ジャクボーの納戸


 ついに、ここまで来てしまいましたね。ここから先は文鳥とは関係のないことしか載ってませんよ。ここはジャクボー(雀坊)、またはユウ・ジャクボー(有雀坊)、「有若亡」(有って亡きがごとし)からくるペンネームを称する人物が好き勝手をし、まったく脈絡なしに突発的に出現する危険なページで、その中身は何ら意味がありません。引き返されることを強くお薦めします。

▼△目次に逃げる△▼表紙まで遁走する▼△


10、正統コロッケ論

 何でコロッケの話しをしようと思ったのか。確かテレビを見ていたらビールのコマーシャルで「私はひそかにここのコロッケが世界一だと思う」とか何とかいって、女が男を連れて肉屋だか総菜屋だかでコロッケを買い、男が歩きながらそれをつまんで食べるコマーシャルを見ながら、「ふざけんなタコ!」と思ったことに端を発している。
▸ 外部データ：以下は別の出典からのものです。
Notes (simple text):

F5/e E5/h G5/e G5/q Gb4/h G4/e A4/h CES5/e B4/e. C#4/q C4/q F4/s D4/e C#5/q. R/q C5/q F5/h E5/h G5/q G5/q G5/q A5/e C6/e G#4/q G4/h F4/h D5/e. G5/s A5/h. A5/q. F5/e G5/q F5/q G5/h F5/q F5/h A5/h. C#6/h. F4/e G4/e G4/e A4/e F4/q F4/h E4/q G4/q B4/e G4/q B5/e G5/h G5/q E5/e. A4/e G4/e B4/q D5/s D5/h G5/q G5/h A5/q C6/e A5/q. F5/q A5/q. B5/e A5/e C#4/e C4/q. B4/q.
 まずあんな行儀の悪い食べ方を得意げに実行しているのが腹立たしい。コロッケなどというものは庶民のしけた食べ物には違いないが、そのようなしょうもない物を大事に食べるから庶民なのだ。肉屋の妙に軟らかいへぼコロッケを、大切に抱えて、キャベツの千切りとともに家で『ブルドックソース 』の『中濃』をかけて食さねばならない。そこに食パンやコッペパンなどがあったら、それで適当に包んでかぶりつくのが無上の幸福というものだ。バカづら下げて公道を歩きながらソースもかけずに手でつまんで食べるなど、行儀知らずの外道行為といわざるを得ない。
 当然、我輩なども肉屋で当時40円くらいだったコロッケを友達と何個か買って、それを外でつまんで食べたりしたこともないではないが、それは小学生の時の話し、まさにガキだった。そんな幼少時の経験のない奴に限って
「私って庶民的」などと勘違いした行動をとるんだ、まったくもってブツブツブツ…。

 といった、およそ通常どうでもいい事で妙に腹が立っていたところ、さらに追い討ちがあった。ニュース番組でコロッケが流行っていると報道されていたのだ。渋谷だか原宿といったせせこましいところに集う小僧と小娘たちが、コロッケをベターと地べたに尻をついて道端で食べている。何でもコロッケの屋台がチェーン店として展開しており、いろいろ奇抜な内容を作り出し、それが受けているらしい。
 まあ、ガキは馬鹿でもある程度仕方がないので、地べたでエサを食うぐらいの事をとやかく言うつもりはない。あの甘ったるいにおいだけでも気色悪いクレープなどより、食生活ボロボロの彼らにはよほど気が利いた食べ物だと思う。しかしあくまで
コロッケの正統(と勝手に決め付けた)からすれば、邪道だ。第一こう言う食べ方ではソースをつけることが出来ない。などと考えていたら、良くしたもので、パン粉に味がついているのでソース不用だそうだ。まあ、ジャリガキの栄養フードとしてはそれでも良いだろう。我輩は寛大なのだ
 続いて紹介されたのは「デパチカ」(デパート地下街)という、さらにおぞましくせせこましいネズミの巣のような場所で売られているコロッケ。
 
「十分味はついておりますので、おソースはおつけ頂かない方が宜しいかと思います」
 などと店員のおばちゃんは言っている。妙に丁寧なのが気色悪い。しかしまあ、デパートで買い物して喜んでいる女性というのは、流行を追っているつもりでいる物を知らないおっちょこちょいが多いから、これも勝手にするが良い。
我輩は我慢するぞ!
 ところがさらに高級料亭とかのコロッケが紹介される。深刻顔の料理人いわく、
 
「素材を大切にしてますから、ソースをかけると味が死んでしまいますね」
 もはや勘弁ならない!!完全に怒った。庶民の食い物だといって懐かしがっているくせに、高級料亭のへなちょこが生意気づらに作ったものに何の意味があるのか。素材を大切にするなら、はじめからコロッケ何て出来るものか。ジャガイモを練りつぶして油で揚げるなど、
素材の良し悪しなど無視できるための料理法なのだ。もったいぶりたければ一品料理を小皿にちまちま盛り付けていれば良いのだ。コロッケなど能書き聞いて食えるものか。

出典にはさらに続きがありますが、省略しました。